- [Exercise instructions]: Beginning with the line that has "Alfa Romeo Stelvio Veloce Q4 10/2023-photo-7", reproduce each remaining line of the data exactly, down to and including the last.

- [Dataset entries]:
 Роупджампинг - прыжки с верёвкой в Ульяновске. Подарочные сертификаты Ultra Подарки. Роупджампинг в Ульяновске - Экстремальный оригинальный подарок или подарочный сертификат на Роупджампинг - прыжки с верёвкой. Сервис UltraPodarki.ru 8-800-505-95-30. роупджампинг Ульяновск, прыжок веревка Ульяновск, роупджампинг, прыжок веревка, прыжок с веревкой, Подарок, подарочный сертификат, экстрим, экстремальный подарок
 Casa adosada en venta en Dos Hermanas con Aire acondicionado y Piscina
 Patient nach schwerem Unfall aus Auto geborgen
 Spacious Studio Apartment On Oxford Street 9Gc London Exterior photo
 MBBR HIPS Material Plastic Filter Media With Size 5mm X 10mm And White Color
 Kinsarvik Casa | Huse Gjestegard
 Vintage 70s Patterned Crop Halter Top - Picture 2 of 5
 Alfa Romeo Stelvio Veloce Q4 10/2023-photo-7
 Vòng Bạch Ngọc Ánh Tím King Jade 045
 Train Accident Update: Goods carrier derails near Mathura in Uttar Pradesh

- [Task solution]:
 Alfa Romeo Stelvio Veloce Q4 10/2023-photo-7
 Vòng Bạch Ngọc Ánh Tím King Jade 045
 Train Accident Update: Goods carrier derails near Mathura in Uttar Pradesh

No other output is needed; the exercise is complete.